Maradona quant à lui, avait fait le choix inverse, celui de s’allier aux peuples, faisant des pieds de nez systématiques à l’establishment. Un positionnement qui lui valut quelques béquilles et de violentes inimitiés, notamment avec la FIFA.

L’avidité et son goût prononcé pour la domination ont conduit l’ancien attaquant des lions indomptables à marcher sur les traces politiques de Pelé ; afin d’atteindre les objectifs fixés par son agenda personnel à peine caché dont le principal est la présidence de la CAF (Confédération africaine de football). Conscient des enjeux politico-obscurs dans lesquels il s’est plongé et mis sous pression par les attentes du grand public camerounais ; Samuel Eto’o fera probablement au mieux de ses capacités pour améliorer la gestion du football camerounais et tirer son épingle du jeu. Dans un contexte de panier à crabe où toutes les échelles de pouvoir du pays sont minées par la corruption et l’extorsion ; rien n’est gagné d’avance. Comment donc changer tout seul la gestion calamiteuse du football dans un pays calamiteusement géré tout en maintenant un soutien aux responsables des calamités ? là se trouve le challenge !
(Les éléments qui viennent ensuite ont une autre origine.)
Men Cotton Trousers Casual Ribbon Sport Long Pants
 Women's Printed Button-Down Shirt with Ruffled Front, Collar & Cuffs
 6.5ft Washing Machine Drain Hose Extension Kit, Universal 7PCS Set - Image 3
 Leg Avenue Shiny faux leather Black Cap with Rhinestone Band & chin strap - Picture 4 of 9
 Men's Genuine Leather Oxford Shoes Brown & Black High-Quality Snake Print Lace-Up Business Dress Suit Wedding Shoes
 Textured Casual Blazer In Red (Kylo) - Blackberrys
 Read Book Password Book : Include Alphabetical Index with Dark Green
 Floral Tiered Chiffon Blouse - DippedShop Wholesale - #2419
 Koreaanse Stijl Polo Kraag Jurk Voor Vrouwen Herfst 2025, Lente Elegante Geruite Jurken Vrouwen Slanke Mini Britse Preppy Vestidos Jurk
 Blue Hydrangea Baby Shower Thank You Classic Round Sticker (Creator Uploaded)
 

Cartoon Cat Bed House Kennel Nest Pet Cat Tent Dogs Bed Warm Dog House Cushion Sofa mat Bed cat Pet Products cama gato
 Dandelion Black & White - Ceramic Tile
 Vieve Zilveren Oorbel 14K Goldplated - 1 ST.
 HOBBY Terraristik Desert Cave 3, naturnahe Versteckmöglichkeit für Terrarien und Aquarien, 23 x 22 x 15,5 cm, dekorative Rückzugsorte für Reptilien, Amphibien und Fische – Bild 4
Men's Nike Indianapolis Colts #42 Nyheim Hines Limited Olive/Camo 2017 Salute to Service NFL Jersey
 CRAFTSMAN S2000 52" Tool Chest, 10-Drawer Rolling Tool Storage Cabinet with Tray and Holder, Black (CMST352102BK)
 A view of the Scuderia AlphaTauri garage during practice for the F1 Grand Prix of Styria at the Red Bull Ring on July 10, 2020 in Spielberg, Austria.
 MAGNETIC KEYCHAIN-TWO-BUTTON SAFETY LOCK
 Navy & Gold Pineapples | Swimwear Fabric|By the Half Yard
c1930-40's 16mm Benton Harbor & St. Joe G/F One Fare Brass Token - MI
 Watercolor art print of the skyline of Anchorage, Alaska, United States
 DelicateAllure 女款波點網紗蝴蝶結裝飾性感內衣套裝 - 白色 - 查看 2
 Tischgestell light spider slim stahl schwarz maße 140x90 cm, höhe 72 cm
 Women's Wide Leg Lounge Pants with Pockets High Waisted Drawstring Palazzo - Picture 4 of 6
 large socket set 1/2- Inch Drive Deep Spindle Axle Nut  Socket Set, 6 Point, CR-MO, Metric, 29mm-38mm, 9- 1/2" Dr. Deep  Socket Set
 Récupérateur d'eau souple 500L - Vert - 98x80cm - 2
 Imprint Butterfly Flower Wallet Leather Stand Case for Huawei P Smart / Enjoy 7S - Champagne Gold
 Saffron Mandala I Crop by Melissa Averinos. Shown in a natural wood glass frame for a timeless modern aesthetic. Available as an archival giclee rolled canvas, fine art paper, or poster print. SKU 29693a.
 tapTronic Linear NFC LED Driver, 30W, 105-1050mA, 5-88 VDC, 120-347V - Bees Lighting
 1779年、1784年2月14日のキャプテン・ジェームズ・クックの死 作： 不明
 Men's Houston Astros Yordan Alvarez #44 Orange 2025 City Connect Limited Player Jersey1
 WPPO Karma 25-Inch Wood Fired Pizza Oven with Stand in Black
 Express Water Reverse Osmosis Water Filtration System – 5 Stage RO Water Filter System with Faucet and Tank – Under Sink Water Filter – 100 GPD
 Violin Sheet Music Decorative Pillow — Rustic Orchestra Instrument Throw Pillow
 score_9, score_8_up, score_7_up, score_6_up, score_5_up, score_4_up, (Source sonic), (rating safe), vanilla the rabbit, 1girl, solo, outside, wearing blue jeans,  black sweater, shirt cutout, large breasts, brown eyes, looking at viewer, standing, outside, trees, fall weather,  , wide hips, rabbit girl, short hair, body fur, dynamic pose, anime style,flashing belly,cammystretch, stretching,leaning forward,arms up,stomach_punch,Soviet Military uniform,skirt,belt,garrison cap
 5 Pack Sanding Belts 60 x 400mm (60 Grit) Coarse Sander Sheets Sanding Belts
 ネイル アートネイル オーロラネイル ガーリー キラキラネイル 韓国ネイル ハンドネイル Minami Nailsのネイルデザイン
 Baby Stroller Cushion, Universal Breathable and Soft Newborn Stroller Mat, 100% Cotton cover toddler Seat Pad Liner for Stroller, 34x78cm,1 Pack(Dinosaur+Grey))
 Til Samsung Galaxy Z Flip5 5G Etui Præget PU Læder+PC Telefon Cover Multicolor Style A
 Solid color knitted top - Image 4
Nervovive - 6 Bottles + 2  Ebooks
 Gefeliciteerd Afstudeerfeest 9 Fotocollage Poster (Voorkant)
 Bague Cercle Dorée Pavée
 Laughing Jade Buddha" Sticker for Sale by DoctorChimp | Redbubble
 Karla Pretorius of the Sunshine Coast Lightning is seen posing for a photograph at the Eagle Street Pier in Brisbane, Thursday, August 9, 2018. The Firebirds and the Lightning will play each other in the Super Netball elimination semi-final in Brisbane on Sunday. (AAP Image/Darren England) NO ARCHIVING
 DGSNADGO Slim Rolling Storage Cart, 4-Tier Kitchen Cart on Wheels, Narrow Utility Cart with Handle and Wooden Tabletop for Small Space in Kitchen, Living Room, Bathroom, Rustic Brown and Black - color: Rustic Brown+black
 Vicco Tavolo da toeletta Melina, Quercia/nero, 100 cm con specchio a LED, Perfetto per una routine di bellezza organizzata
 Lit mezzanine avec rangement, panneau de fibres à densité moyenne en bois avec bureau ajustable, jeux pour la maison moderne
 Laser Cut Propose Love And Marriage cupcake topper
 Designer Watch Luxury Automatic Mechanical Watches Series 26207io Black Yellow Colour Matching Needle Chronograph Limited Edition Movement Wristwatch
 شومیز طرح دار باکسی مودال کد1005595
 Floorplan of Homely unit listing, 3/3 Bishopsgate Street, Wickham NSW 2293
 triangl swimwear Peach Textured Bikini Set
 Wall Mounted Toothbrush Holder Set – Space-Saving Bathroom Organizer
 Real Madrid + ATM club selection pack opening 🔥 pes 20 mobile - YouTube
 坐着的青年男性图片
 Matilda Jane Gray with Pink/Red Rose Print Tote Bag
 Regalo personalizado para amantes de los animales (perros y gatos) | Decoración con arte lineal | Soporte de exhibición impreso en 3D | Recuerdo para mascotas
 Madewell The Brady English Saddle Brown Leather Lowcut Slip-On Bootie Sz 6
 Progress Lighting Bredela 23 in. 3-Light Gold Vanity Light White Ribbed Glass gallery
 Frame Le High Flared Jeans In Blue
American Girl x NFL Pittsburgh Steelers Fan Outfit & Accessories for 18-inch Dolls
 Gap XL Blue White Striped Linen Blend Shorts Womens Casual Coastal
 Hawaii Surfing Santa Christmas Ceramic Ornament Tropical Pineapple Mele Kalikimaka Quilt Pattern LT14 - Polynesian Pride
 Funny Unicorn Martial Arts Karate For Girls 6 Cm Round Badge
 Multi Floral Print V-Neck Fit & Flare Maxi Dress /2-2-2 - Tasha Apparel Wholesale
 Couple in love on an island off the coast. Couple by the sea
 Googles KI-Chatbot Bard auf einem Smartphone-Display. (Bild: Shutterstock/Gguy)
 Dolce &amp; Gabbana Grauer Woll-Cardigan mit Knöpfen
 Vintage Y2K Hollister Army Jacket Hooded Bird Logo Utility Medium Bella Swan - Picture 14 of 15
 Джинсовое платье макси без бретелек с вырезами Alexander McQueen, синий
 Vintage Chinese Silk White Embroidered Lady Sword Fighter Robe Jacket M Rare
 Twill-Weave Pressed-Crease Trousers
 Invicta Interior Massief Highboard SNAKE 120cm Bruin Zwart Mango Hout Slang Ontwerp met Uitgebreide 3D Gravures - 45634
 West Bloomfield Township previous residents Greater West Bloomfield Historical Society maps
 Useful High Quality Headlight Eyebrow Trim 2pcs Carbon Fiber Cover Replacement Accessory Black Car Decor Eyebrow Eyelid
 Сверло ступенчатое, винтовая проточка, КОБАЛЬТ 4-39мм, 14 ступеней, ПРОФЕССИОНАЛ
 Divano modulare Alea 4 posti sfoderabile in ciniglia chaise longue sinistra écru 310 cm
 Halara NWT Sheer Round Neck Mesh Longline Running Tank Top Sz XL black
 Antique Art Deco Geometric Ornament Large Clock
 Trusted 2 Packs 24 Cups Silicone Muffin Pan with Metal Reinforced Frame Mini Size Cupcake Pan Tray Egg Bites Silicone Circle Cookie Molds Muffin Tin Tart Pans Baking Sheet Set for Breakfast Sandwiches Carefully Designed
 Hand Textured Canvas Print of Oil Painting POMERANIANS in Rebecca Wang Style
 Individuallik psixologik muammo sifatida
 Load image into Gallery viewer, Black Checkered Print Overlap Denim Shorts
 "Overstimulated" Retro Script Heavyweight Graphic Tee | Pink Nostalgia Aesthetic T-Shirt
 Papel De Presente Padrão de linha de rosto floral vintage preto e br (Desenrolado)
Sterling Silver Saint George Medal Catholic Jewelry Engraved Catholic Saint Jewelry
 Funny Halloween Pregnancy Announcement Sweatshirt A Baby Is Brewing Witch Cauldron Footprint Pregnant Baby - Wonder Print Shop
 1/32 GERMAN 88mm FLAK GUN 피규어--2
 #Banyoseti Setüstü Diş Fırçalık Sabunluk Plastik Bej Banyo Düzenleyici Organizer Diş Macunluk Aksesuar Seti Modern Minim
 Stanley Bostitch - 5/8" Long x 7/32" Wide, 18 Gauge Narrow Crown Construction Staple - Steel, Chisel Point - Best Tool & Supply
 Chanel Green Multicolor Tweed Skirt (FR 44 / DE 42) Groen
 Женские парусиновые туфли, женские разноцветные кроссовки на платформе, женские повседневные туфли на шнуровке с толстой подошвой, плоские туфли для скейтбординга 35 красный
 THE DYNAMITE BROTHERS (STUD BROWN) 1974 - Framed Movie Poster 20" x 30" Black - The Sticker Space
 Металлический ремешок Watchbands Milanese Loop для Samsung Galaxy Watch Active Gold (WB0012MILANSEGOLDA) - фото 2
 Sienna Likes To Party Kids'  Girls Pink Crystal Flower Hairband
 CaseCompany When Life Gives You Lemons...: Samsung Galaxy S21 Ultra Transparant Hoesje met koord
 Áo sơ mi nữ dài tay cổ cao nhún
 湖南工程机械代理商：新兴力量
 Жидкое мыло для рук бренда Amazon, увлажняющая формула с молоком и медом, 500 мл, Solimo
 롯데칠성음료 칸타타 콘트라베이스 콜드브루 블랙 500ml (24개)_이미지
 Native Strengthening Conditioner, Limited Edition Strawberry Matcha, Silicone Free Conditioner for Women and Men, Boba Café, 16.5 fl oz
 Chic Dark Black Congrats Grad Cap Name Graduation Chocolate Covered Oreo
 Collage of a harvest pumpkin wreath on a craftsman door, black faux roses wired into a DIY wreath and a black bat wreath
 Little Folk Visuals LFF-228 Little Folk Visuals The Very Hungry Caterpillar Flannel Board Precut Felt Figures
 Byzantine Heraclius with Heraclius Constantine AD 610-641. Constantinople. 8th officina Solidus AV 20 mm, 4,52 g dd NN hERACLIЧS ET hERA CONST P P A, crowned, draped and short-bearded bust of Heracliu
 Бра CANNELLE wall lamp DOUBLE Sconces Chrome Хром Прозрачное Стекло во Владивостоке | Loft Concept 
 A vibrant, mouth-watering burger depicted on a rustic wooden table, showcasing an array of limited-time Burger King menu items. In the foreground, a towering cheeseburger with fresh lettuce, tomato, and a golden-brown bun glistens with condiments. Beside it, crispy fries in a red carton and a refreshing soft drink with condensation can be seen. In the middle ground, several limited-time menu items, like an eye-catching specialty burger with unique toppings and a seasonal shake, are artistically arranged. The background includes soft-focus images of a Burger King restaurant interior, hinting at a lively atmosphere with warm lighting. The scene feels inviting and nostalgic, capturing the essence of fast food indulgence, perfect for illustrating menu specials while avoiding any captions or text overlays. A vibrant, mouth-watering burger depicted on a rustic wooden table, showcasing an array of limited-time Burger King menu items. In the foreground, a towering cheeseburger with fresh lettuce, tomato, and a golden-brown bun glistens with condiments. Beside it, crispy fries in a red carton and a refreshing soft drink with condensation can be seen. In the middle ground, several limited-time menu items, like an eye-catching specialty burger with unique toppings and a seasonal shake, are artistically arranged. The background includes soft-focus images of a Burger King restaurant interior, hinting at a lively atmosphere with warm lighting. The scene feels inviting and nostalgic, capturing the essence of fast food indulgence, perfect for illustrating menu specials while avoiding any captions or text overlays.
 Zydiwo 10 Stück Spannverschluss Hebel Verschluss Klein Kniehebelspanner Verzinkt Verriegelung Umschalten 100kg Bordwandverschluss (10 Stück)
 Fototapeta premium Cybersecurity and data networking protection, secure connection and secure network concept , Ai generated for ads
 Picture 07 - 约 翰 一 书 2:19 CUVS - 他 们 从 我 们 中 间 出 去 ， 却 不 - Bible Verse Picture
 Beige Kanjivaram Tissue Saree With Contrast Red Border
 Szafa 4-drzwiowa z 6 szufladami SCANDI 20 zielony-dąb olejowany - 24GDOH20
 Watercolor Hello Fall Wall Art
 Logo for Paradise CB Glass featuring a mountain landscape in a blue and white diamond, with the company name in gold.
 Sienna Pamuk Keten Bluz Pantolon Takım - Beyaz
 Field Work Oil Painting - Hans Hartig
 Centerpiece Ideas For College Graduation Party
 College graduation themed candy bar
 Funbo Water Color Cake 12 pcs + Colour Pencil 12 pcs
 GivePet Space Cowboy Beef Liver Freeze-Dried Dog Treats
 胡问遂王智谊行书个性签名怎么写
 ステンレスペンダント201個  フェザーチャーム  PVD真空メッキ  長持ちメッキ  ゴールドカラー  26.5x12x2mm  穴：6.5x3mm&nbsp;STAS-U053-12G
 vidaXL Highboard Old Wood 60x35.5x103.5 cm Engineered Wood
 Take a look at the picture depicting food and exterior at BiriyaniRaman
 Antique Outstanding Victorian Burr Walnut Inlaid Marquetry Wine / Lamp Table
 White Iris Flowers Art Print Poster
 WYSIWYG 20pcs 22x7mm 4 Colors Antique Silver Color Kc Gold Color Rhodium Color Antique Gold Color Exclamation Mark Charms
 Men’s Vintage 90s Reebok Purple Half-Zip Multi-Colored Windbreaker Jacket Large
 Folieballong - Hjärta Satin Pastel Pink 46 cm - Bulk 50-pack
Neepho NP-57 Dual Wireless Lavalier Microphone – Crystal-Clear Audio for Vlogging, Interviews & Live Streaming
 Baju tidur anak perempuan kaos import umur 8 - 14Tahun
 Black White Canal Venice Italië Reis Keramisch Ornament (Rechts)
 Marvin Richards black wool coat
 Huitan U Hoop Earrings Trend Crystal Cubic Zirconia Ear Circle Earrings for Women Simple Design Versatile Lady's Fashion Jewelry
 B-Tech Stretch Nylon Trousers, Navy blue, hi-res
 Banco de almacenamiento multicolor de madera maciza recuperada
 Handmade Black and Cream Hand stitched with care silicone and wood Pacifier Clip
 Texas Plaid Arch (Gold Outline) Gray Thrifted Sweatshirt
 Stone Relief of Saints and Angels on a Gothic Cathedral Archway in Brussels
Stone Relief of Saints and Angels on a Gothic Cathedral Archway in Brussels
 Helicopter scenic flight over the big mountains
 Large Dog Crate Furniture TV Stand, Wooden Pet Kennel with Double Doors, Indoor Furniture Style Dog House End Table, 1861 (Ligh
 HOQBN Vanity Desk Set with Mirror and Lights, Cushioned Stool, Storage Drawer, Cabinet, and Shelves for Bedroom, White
Et le peuple camerounais dans tout cela ?

Bercée par l’illusion des retombées économiques nationales grâce à l’organisation de la CAN (Coupe d’Afrique des Nations) en terre camerounaise, la population camerounaise y croit, et s’abreuve de discours erronés portés par les vrais bénéficiaires de cette gabegie.

Pourtant ils le savent tous ! le football n’a jamais développé aucun pays, bien au contraire, une vraie machine d’endettement qui ne profite qu’a une super-classe (à peine 0.05% de la population) constituée d’acteurs majeurs privés, dirigeants de foot, des joueurs et surtout de politiques qui s’en servent comme paravent et cache-misère.

Ils évoquent pourtant, avec une simplicité infantile que la construction des stades produit de la main d’œuvre, dynamise l’économie autant que l’attractivité touristique, les hôtels… Mais la réalité économique se résume en un endettement sur deux générations au profit de 3 semaines de compétition et d’un leurre politique qui durera le temps de l’éveil populaire.

Coupe du monde 2014 au Brésil : 15 milliards de dollars d’investissement principalement réalisé par l’État brésilien, recettes de 12.8 milliards (2.2 milliards de pertes) et durant la même période, 2011-2014, la FIFA réalisait un bénéfice record de 5,718 milliards de dollars. En 2010 en Afrique du Sud, les pertes étaient elles aussi sèches et accentuées par les coûts d’entretien des stades (1.2 million d’euros/an) non-couvert par les recettes.

520 milliards CFA ! Qui payera la note camerounaise ?

Pour organiser la CAN au Cameroun, le gouvernement camerounais a débloqué la somme officielle de 500 milliards de CFA, soit 760 millions d’euros, pour construire 4 nouveaux stades. Par la suite, 12 milliards (20 millions d’euros) ont été débloqués pour l’organisation de l’évènement proprement dit.

520 milliards CFA représentant environ 2% du PIB camerounais ont pris la route d’une compétition sportive de 3 semaines dans un pays dans lequel une grande partie de la population ne dispose ni d’eau potable ni d’électricité.

Une nouvelle page de l’histoire du Cameroun est sur le point de s’écrire, à travers le football.  La balle se trouve au sommet de la pyramide, nul ne sait de quel côté elle tombera.